2 Tahap kontribusi institusi (1933-1959)

1. Pada tahun 1934, Kongres menciptakan SEC dengan tugas untuk mengelola beragam hukum-hukum investasi federal, termasuk Undang-Undang Sekuritas pada tahun 1933 yang mengatur penerbitan sekuritas di pasar-pasar antarnegara bagian dan Undang-undang Sekuritas tahun 1934 yang mengatur perdagangan sekuritas.

2. Setelah publikasi yang dilakukan oleh Ripley di dalam satu artikel yang mengkritik teknik-teknik pelaporan sebagai sesuatu yang memperdayakan, George O. May, kebangsaan Inggris, mengusulkan agar Institut Akuntan Publik Bersertifikat Amerika (American Institute of Certified Public Accountant-AICPA) memulai sebuah usaha kerja sama dengan bursa efek. Sebagai akibatnya, Komite Khusus dari AICPA melalui kerja sama dengan Bursa Efek menyarankan solusi umum berikut ini :

Alternatif yang lebih pratikal adalah membiarkan setiap perusahaan untuk bebas memilih metode-metode akuntansinya sendiri di dalam …batasan yang sangat luas…namun mengharuskan adanya pengungkapan dari metode yang dipergunakan dan konsistensi pengaplikasiannya dari tahun ke tahun..

Sebagai tambahan, Komite mengusulkan percobaan resminya yang pertama untuk mengembangkan teknik-teknik akuntansi yang berlaku umum. Dikenal sebagai “prinsip-prinsip umum” (board principles).

3. Setelah diterbitkannya ASR No. 4 oleh SEC, yang menantang profesi akuntan untuk memberikan “dukungan substansial dari yang berwenang” bagi prinsip-prinsip akuntansi yang berlaku, dan meningkatnya kecaman dari Asosiasi Akuntansi Amerika (American Accounting Association) dan para anggotanya yang baru saja dibentuk, Institut selanjutnya di tahun 1938 memutuskan memberikan kuasa kepada Komite Prosedur Akuntansi (Committee Accounting Procedure-CAP) untuk mengumumkan keputusannya.

3 Tahap politisasi (1973-sekarang)

Keterbatasan yang dimiliki oleh baik asosiasi profesional maupun manajemen di dalam memformulasikan suatu teori akuntansi telah mengarah kepada pengadopsian suatu pendekatan yang lebih deduktif sekaligus melakukan politisasi atas proses penetapan standarnya-sebuah situasi yang diciptakan oleh pandangan yang berlaku umum bahwa angka-angka akuntansi memengaruhi prilaku berekonomi dan, sebagai konsekuensinya, aturan-aturan akuntansi hendaknya dibuat di dalam arena politik.

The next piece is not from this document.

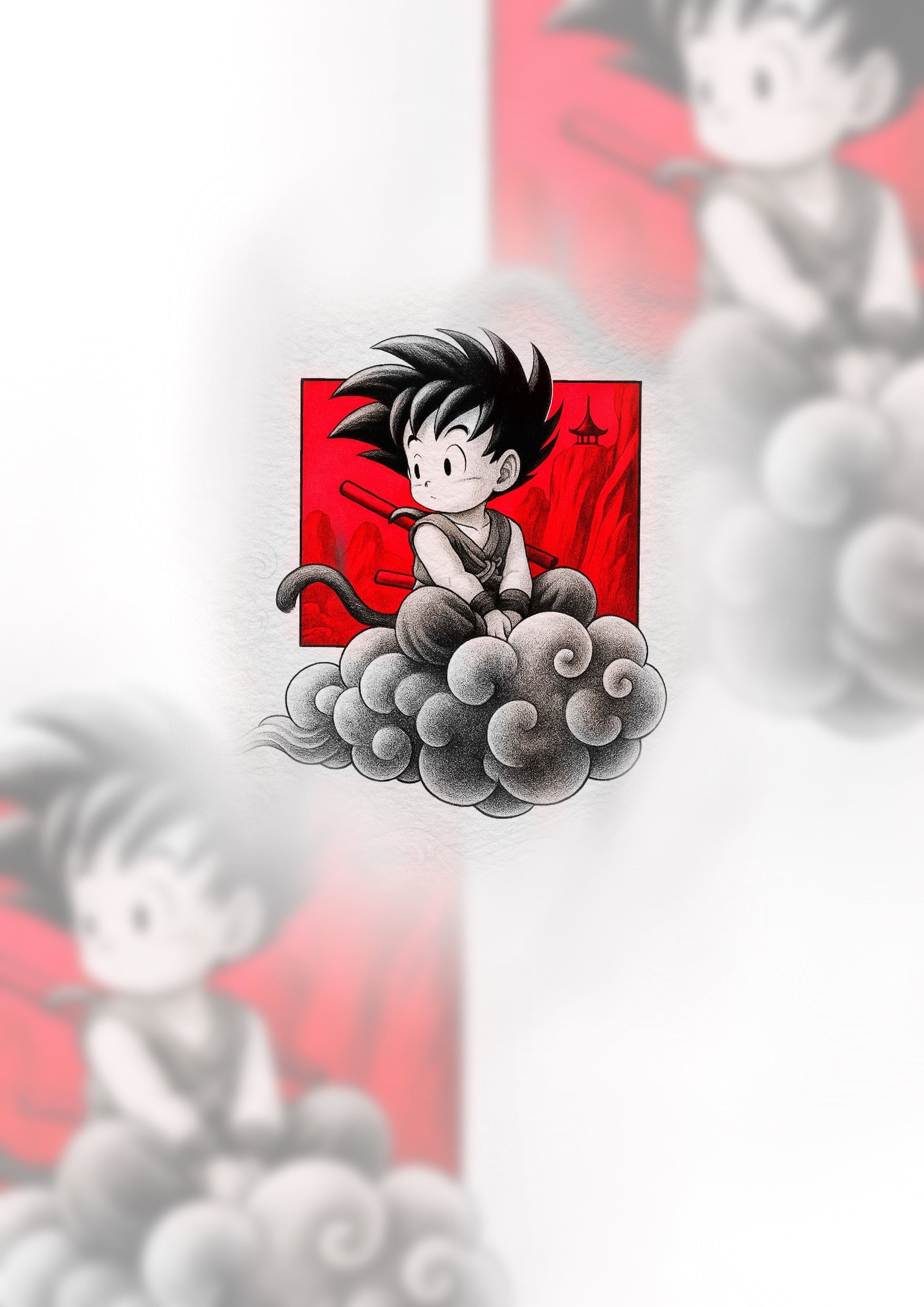 Goku - flash autoral de Boy - 12 cm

Sejak awal, FASB telah menerapkan sebuah pendekatan deduktif dan quasi politik dalam formulasi dari prisnip-prinsip akuntansi. Hal yang dilakukan oleh FASB mendapatkan nilai yang lebih baik, pertama, dengan adanya usaha untuk mengembangkan suatu kerangka kerja teoretis atau kesepakatan dalam akuntansi, dan kedua, dengan lahirnya berbagai kelompok yang berkepentingan, yang kontribusinya diperlukan bagi penerimaan “umum” atas standar baru. Oleh sebab itu, proses penetapan standar memiliki aspek politis di dalamnya.

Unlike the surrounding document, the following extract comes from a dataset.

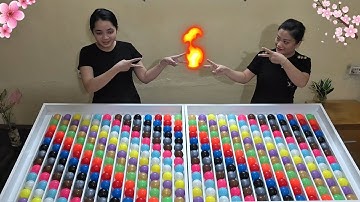 🧠 Color Ball Sorting Race 🎨 | Relaxing Puzzle + ASMR Sounds – Who Won? 🥇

Proses dari penetapan standar dapat digambarkan sebagai demokratis karena, seperti semua badan pembuat peraturan, hak Dewan untuk membuat peraturan pada akhirnya akan sangat bergantung kepada persetujuan dari pihak yang diatur. Tetapi karena penetapan standar membutuhkan beberapa perspektif, maka tidaklah tepat jika suatu standar ditetapkan dengan hanya didasarkan pada penggambaran dari para pemilihnya. Hal yang serupa pula, proses tersebut dapat diuraikan sebagai legislatif karena penetapan standar harus dimusyawarahkan dan karena seluruh pandangan harus didengarkan. Tetapi para penyusun standar diharapkan untuk dapat mewakili seluruh pemilih sebagai satu kesatuan dan tidak menjadi perwakilan dari sekelompok pemilih tertentu. Proses ini dapat diuraikan sebagai bersifat politis karena terdapat satu usaha pembelajaran yang terkait dengan usaha untuk mendapatkan penerimaan satu standar baru.